Some of the biological functions of vitamin E are summarized below:
  • Major antioxidant nutrient; it slows down the aging process, which is partly caused by oxidative stress.
  • Protects circulating cholesterol in LDL and membrane lipids in red blood cells against oxidative damage.
  • Protects immunocompetent cells such as phagocytic cells against oxidative damage that occurs in infections (1).
  • Prevents damage to informational macromolecules such as nucleic acids by scavenging free radicals (mainly oxygen reactive species) generated within cells.
  • Modulates enzyme activity through specific interactions with enzymes and gene expression through interactions with regulatory proteins such as transcription factors. These actions of vitamin E involve a non-antioxidant type of mechanism that may be relevant in cardiovascular disease (2). The main effects of vitamin E at cellular and molecular level that involve a non-antioxidant mechanism are depicted in the figure below.
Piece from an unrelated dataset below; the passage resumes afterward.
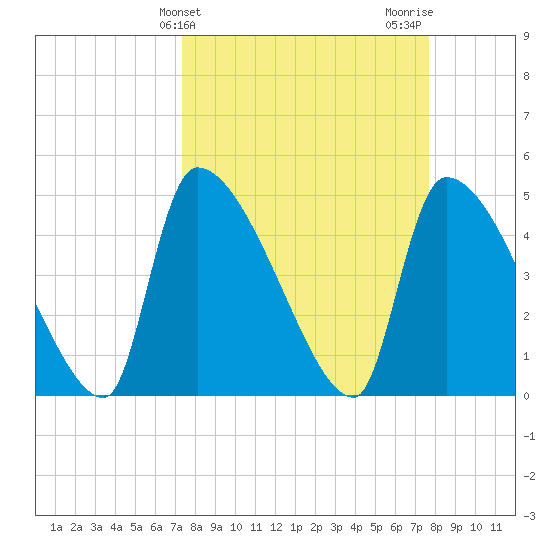 Altamaha Sound tide chart for Friday, March 26, 2021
    Tocopherols, particularly a-tocopherols, were shown to influence cellular processes such as signal transduction, gene expression and apoptosis. Vitamin E is involved in the modulation of signal transduction by activating protein phosphorylase-2, which catalyzes the dephosphorylation of protein kinase C (PKC). Thus, by dephosphorylation PKC becomes inactive and this in turn triggers a host of events such as the arrest of smooth muscle cell growth, inhibition of superoxide ion production in neutrophils, monocytes, macrophages, inhibition of thrombocytes aggregation and inhibition of endothelin secretion by endothelial cels. By inhibiting cyclooxygenase-2 and 5-lipooxygenase vitamin E is involved in the modulation of the inflammatory response through decreased prostaglandin synthesis and the inhibition of interleukin-1b (a proinflammatory cytokine), respectively. Although the involvement of vitamin E in transcription factor NF-kB activity inhibition ( NF-kB controls the expression of various genes involved in inflammatory response and cellular proliferation) has been documented as shown by the inhibition of NF-kB activation in human T cells culture containing a-tocopheryl acetate it is not clear whether vitamin E blocks directly some of the key steps of NF-kB activation or acts through intracellular redox status modulation. Redox status modulation is known to be a major determinant of NF-kB activation.
  • Interactions: vitamin E works best in cooperation with vitamin C and selenium.
  • Health benefits: supplementation is useful in allergies, autoimmune disorders (lupus, rheumatoid arthritis), bacterial and viral infections, cardiovascular disease, diabetes, gum disease, skin disorders etc. In these conditions the general consensus is that vitamin E acts as a free radical scavenger but in the cardiovascular disease it can also act in a non-antioxidant way as discussed above.
  • Best food sources: vegetable oils (corn, sunflower (contains a-tocopherol), olive, flaxseed), seeds, nuts, leafy vegetables, tomatoes.

References
1. Hughes, D.A. (1999) Proc.Nutr.Soc. 58(1) 79-84. Effects of dietary antioxidants on the immune function of middle-aged adults.
2. Munteanu, A. et al. (2004) J.Cell.Mol.Med. 8(1) 59-76.  Anti-atherosclerotic effects of vitamin E - myth or reality?